Well, as a first blog post of other future detailed ones, this one explains how you can easily check which Authentication type you're experiencing. And the good this is that this can be done on the client machine without the need to use complex networking tools.

In order to identify how your Authentication is done, proceed as follows:

  • Download the Fiddler tool to your client machine and install it.
  • Close all Internet Explorer Windows
  • Run the Fiddler Tool and check that the "Capture Traffic" option is enabled, under the "File" menu
  • Fiddler will work as a pass-through proxy between the client machine and the server, listening to all traffic.

This will temporarily set your Internet Explorer Settings like this:


  • Open internet Explorer and browse into your CRM Server URL, do some clicks here and there to generate traffic.
  • Refer back to Fiddler main window and choose one of the Frames where the Result is "200" (success)
  • Click on Inspector > Auth tabs

If Kerberos authentication is enabled and working, then the frame will contain information like "Authentication Header appears to contain a Kerberos ticket" and a set of special characters in the beginning of the frame.

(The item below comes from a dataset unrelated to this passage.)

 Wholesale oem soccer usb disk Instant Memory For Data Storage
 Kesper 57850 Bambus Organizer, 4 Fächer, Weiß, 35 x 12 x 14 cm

If the Authentication type is NTLM, then you'll have "Negotiate - NTLMSSP" in the beginning of the frame, as shown below.




NTLM Authentication
Challenge- Response mechanism.

In the NTLM protocol, the client sends the user name to the server; the server generates and sends a challenge to the client; the client encrypts that challenge using the user’s password; and the client sends a response to the server. If it is a local user account, server validate user's response by looking into the Security Account Manager; if domain user account, server forward the response to domain controller for validating and retrieve group policy of the user account, then construct an access token and establish a session for the use.

Kerberos authentication
Trust-Third-Party Scheme.

Kerberos authentication provides a mechanism for mutual authentication between a client and a server on an open network. The three heads of Kerberos comprise the Key Distribution Center (KDC), the client user and the server with the desired service to access. The KDC is installed as part of the domain controller and performs two service functions: the Authentication Service (AS) and the Ticket-Granting Service (TGS). When the client user log on to the network, it request a Ticket Grant Ticket (TGT) from the AS in the user's domain; then when client want to access the network resources, it presents the TGT, an authenticator and Server Principal Name (SPN) of the target server, contact the TGS in the service account domain to retrieve a session ticket for future communication with the network service, once the target server validate the authenticator, it create an access token for the client user.